Updated

Nearly 100 high-ranking General Services Administration employees assigned to work from home reportedly still spent $750,000 on travel over nine months, according to records submitted to Capitol Hill committees, prompting the agency to respond Saturday to a request for more information.

The GSA said the agency, under the direction of acting Administrator Dan Tangherlini, has already begun "conducting an extensive review of our agency's operations, which includes our travel policy."

"Our agency remains committed to eliminating any excessive spending and promoting government efficiency," the statement also reads.

The purported spending and the four-page letter from GOP Rep. Darrell Issa, chairman of the House Committee on Oversight and Government Reform, requesting more information was reported first by The Washington Post.

The discovery follows the scandal that unfolded in April when the public learned the GSA's Western regional office in 2010 spent $823,000 on an extravagant, four-day conference in the Las Vegas area for 300 employees.

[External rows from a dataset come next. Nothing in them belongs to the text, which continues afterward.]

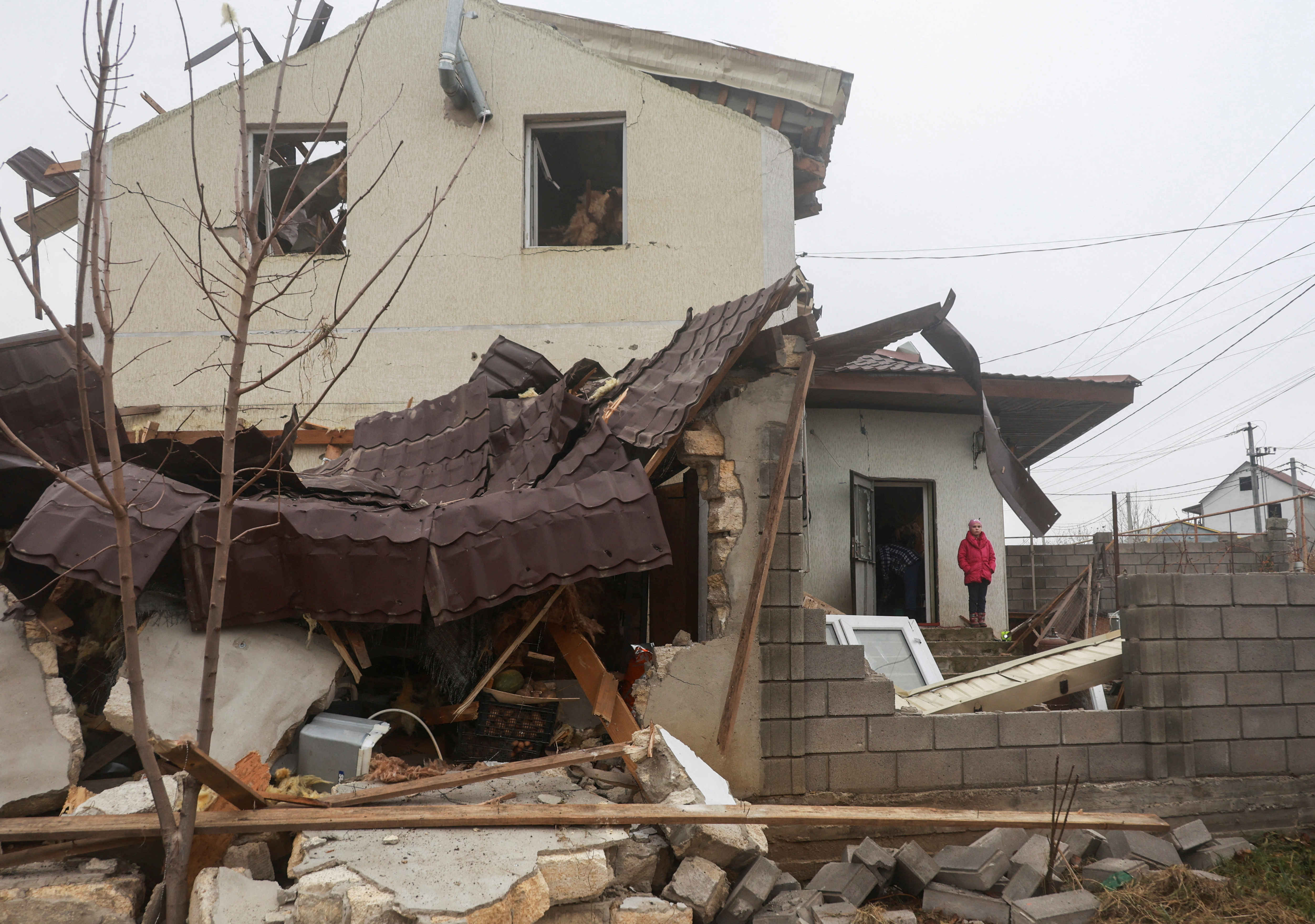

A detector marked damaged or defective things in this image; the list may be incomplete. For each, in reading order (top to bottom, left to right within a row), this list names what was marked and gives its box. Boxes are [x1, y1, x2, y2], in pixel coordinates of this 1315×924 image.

broken window [250, 128, 347, 254]
broken window [525, 120, 622, 249]
damaged wall [100, 0, 790, 431]
damaged wall [798, 410, 1004, 630]
broken concrete block [105, 613, 338, 765]
broken concrete block [0, 622, 83, 807]
damaged wall [0, 618, 83, 811]
broken concrete block [72, 773, 186, 815]
broken concrete block [188, 865, 279, 924]
broken concrete block [224, 836, 275, 882]
broken concrete block [538, 844, 609, 903]
broken concrete block [538, 899, 614, 924]
broken concrete block [614, 895, 698, 924]
broken concrete block [664, 857, 727, 920]
broken concrete block [719, 853, 777, 924]
broken concrete block [803, 861, 874, 907]
broken concrete block [845, 836, 895, 886]
broken concrete block [891, 840, 933, 891]
broken concrete block [916, 882, 1009, 924]
broken concrete block [929, 849, 1009, 891]
broken concrete block [1000, 861, 1038, 899]
broken concrete block [1009, 836, 1059, 878]
broken concrete block [1004, 886, 1093, 924]
broken concrete block [1059, 832, 1101, 861]
broken concrete block [1076, 857, 1143, 891]
broken concrete block [1118, 836, 1177, 870]
broken concrete block [1168, 819, 1210, 857]
broken concrete block [1185, 836, 1252, 874]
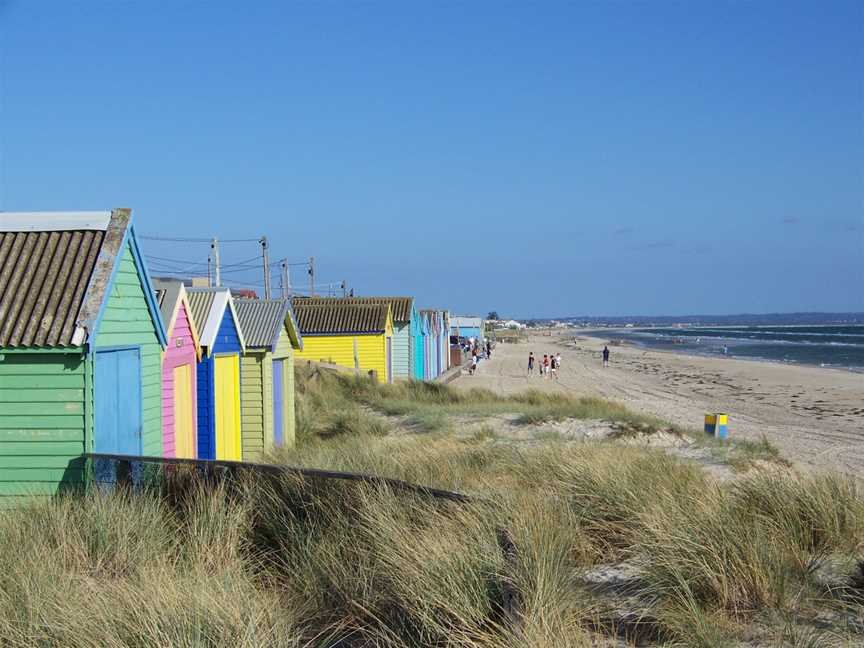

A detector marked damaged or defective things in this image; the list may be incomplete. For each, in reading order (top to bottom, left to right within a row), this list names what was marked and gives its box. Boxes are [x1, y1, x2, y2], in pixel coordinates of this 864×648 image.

rusted roof sheet [0, 229, 106, 350]
rusted roof sheet [233, 298, 290, 350]
rusted roof sheet [296, 302, 392, 334]
rusted roof sheet [296, 296, 414, 322]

The new, questionable spending by the work-at-home employees attracted the concern of Jeff  Neely, the Western region executive who was put on leave, then resigned in the wake of the 2010 conference scandal, according to e-mails and other documents provided to the House oversight and obtained Saturday by Fox News.

"OMG," Neely wrote in a 2011 e-mail to a regional commissioner who circulated a spreadsheet that included  travel-reimbursement costs for virtual employees.

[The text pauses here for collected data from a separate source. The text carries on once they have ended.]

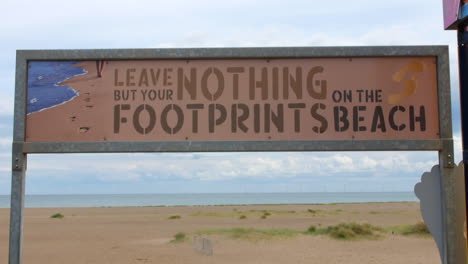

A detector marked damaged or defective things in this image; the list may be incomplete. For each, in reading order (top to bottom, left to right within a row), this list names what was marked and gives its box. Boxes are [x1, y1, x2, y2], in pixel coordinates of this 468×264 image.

rusty metal sign panel [25, 56, 438, 142]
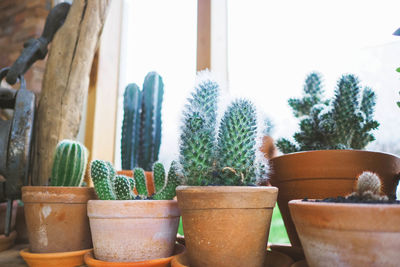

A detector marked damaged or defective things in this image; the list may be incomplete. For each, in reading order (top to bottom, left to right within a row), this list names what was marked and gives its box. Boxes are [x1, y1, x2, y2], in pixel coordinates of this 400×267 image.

rusty metal object [5, 2, 70, 85]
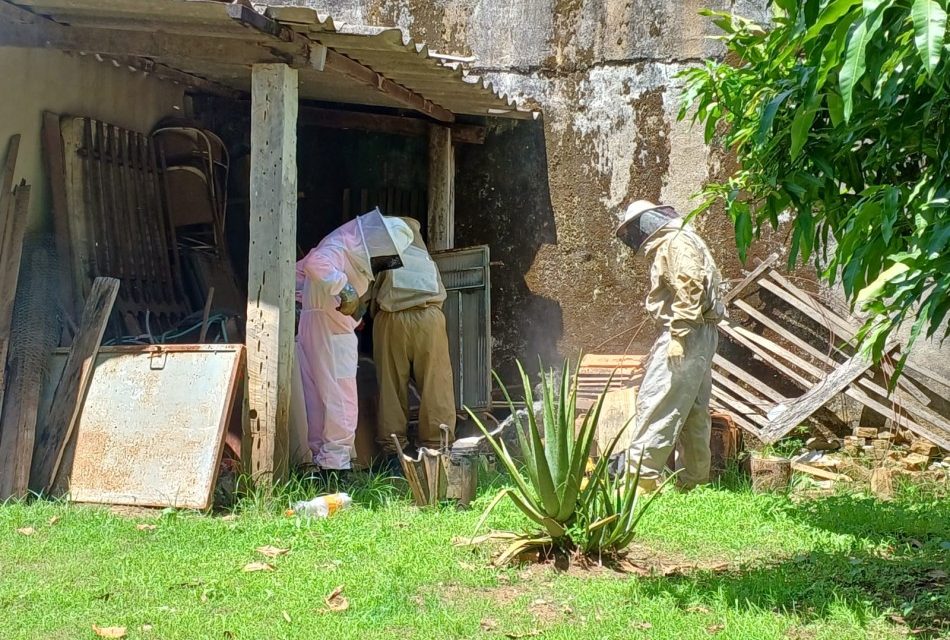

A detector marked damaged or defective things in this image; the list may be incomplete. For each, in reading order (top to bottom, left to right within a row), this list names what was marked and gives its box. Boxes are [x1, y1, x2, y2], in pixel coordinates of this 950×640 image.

rusty roof sheet [5, 0, 536, 119]
rusty metal sheet [41, 344, 244, 510]
broken wooden pallet [712, 255, 950, 450]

"100 virtuals and most of them with some pretty serious grades," Neely wrote, referring to the employees' government employment ratings. "[W]ell this is a fine mess we've gotten ourselves into."

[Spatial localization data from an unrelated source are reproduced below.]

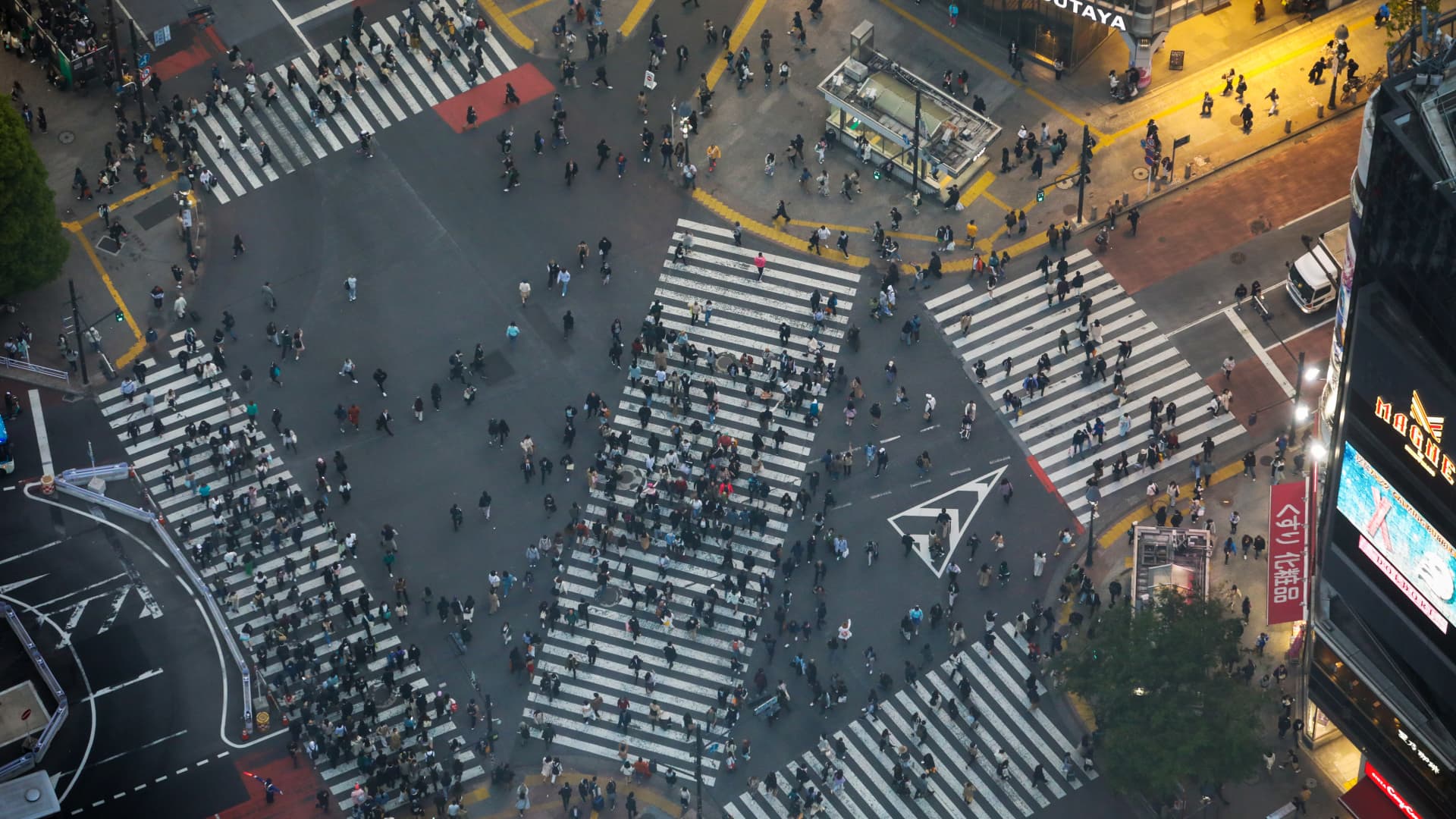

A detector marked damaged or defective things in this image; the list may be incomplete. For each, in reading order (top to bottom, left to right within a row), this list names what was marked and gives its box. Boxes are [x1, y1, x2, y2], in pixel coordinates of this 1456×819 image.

red pavement patch [428, 64, 553, 132]
red pavement patch [1094, 111, 1357, 293]
red pavement patch [1200, 323, 1328, 431]
red pavement patch [214, 740, 323, 816]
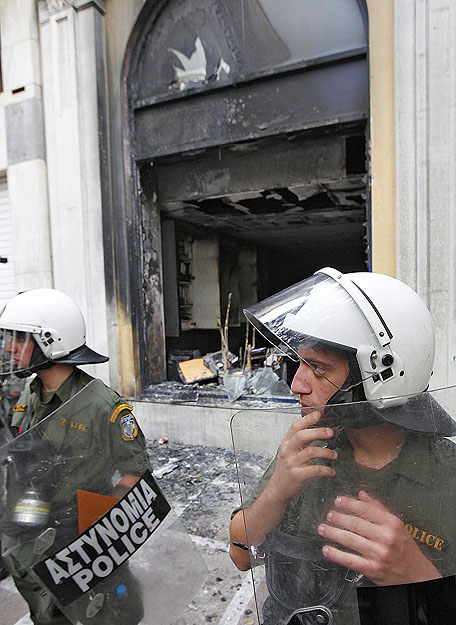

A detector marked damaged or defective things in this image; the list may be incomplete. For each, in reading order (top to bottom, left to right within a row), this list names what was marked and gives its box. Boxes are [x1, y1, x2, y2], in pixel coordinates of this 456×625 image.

burnt interior room [155, 126, 368, 380]
damaged ceiling panel [160, 174, 366, 252]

Neely forwarded the e-mail chain to other colleagues with this message: "This will take your breath away. Don't share further," according to another e-mail.

The average reimbursement was $8,000 per virtual employee, according to the Oversight committee's initial findings.

"The American people have a right to know that federal bureaucrats who enjoy the benefit of virtual work are eligible and responsible stewards of the taxpayer dollars that support the program," Issa wrote in the letter sent Friday.